The Poetry Kit

HOME     POETRY KIT COURSES     SUBMISSIONS    CITN     NEWSLETTER     BOOKSHOP     BLOG

 

POETRY IN THE PLAGUE YEAR

Poems written during the Coronavirus Outbreak 2020

How to submit   -  Back to Contents

 

Jeffrey Harpeng
Brisbane, Australia

 

Jeffrey Harpeng has written poetry on both sides of the Tasman. It continues to follow him into the future as he tows the past into the present.
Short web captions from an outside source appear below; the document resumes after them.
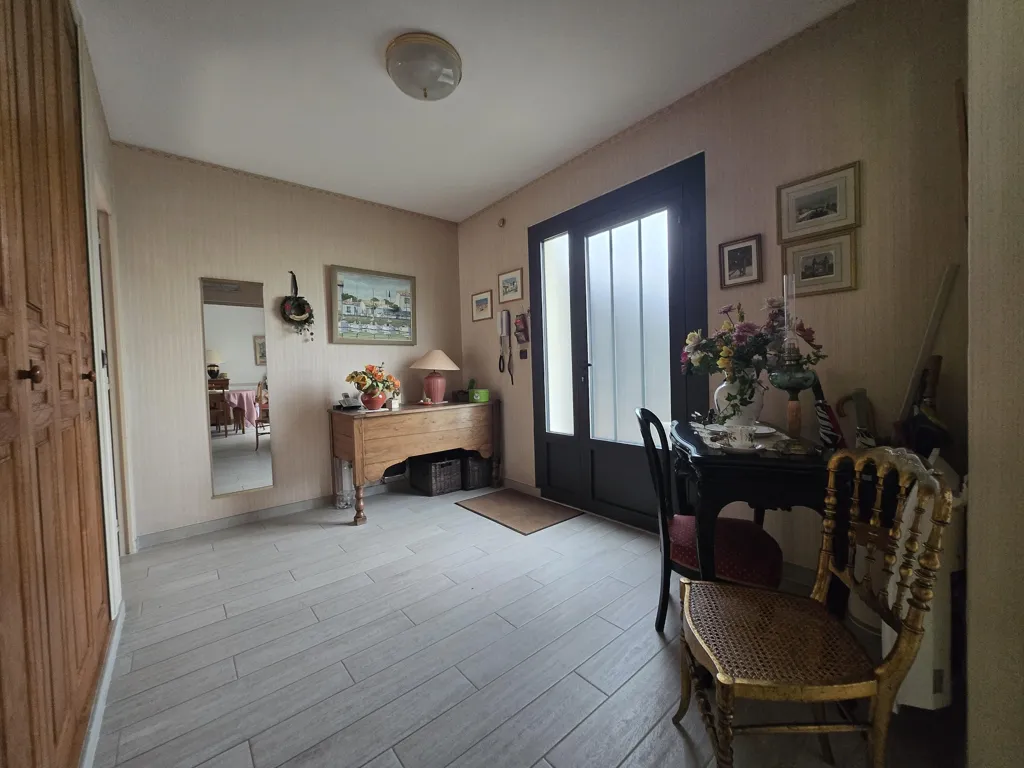 Hallway - House with Pool in Estrées-Saint-Denis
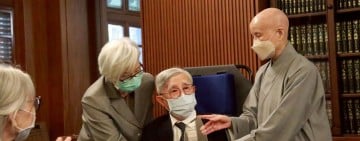 慈大創校校長李明亮教授獲「罕見疾病貢獻獎」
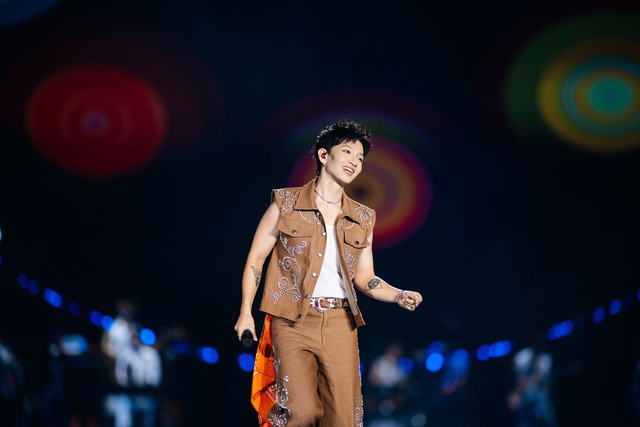 4 cặp cầu hôn trong ca khúc đám cưới của Hoàng Dũng tại concert Xoay tròn - Ảnh 5.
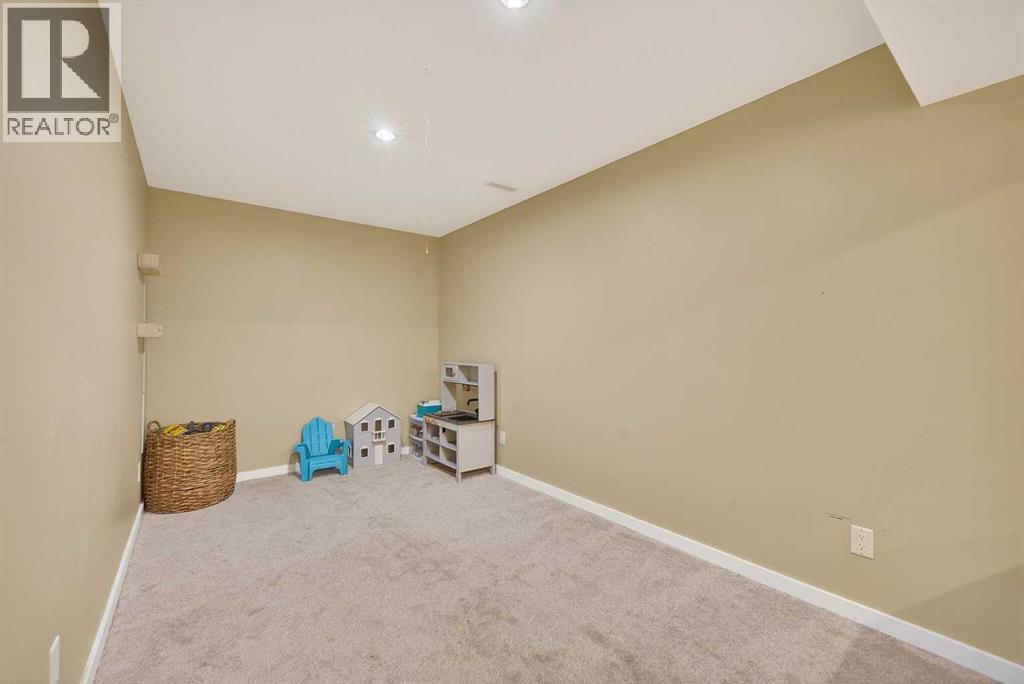 52 Reunion Close Nw Property Photo 38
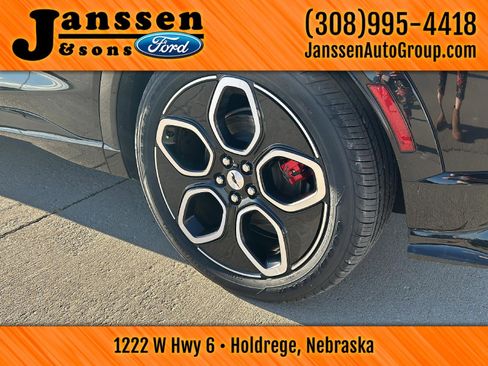 Used 2021 Ford Mustang Mach-E GT image 15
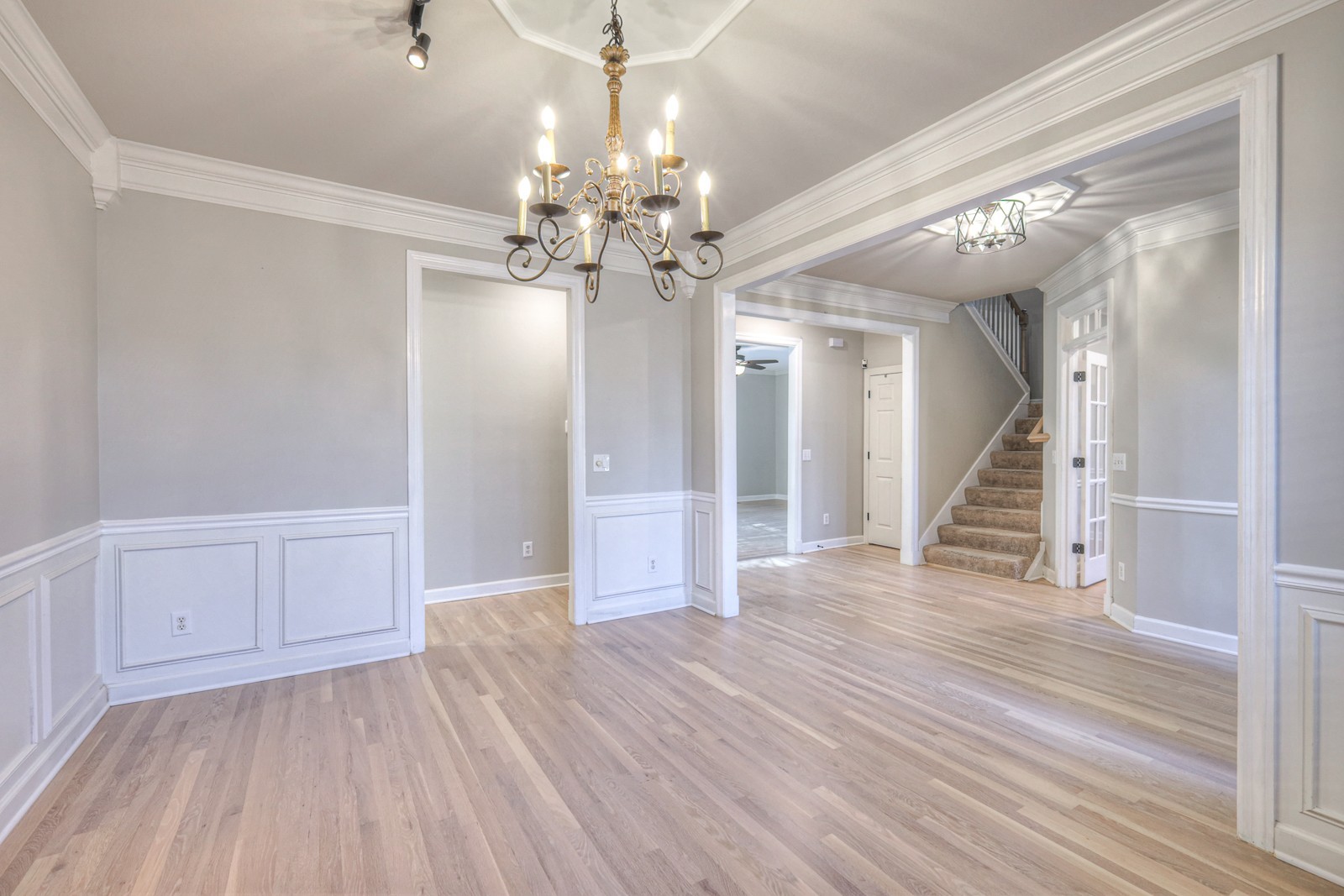 265 Stanley Park Ln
He likes to tease the short forms, haiku and tanka, but generally will tuck them into a snug haibun late at nightbefore bed.

 

Written: 27th April 2020

 

In the Time of the Virus


To speak as if there was no end to words –
yes generations will pick up the thread.
What we say, was said, and will be said,

and at the death bed an embrace says more.

 

With some theatre I could have said,

“Let your father lift you up to see
what is in the hollow of that tree.”

That scene Mother gave me two weeks before.

 

She never said “I am dying,” but
often let slip “You’re my baby boy.”
Words weighted with grief and joy.

How she mourned for sixty three years,

 

even as she shook talc down the hall
for her kids to run and slide. Forlorn,
laughing, she mourned her first born,

dead on his first day. What to say

 

escaped everyone she knew. Father,
could he pray when the white coffin
was lowered. From that end to begin,

to go on. How grief eats a stout heart.

 

Years after my Father died I saw in photos,
his sister hoarded, he played the comic.
“Emil he vas trunk,” he’d say to mimic

his father, “but I vas ten times trunk as him.”

 

And in this time of the virus, candles
on a cake. My son, now thirty five
pauses and blows, then takes the knife
to cut us each a slice of his wish.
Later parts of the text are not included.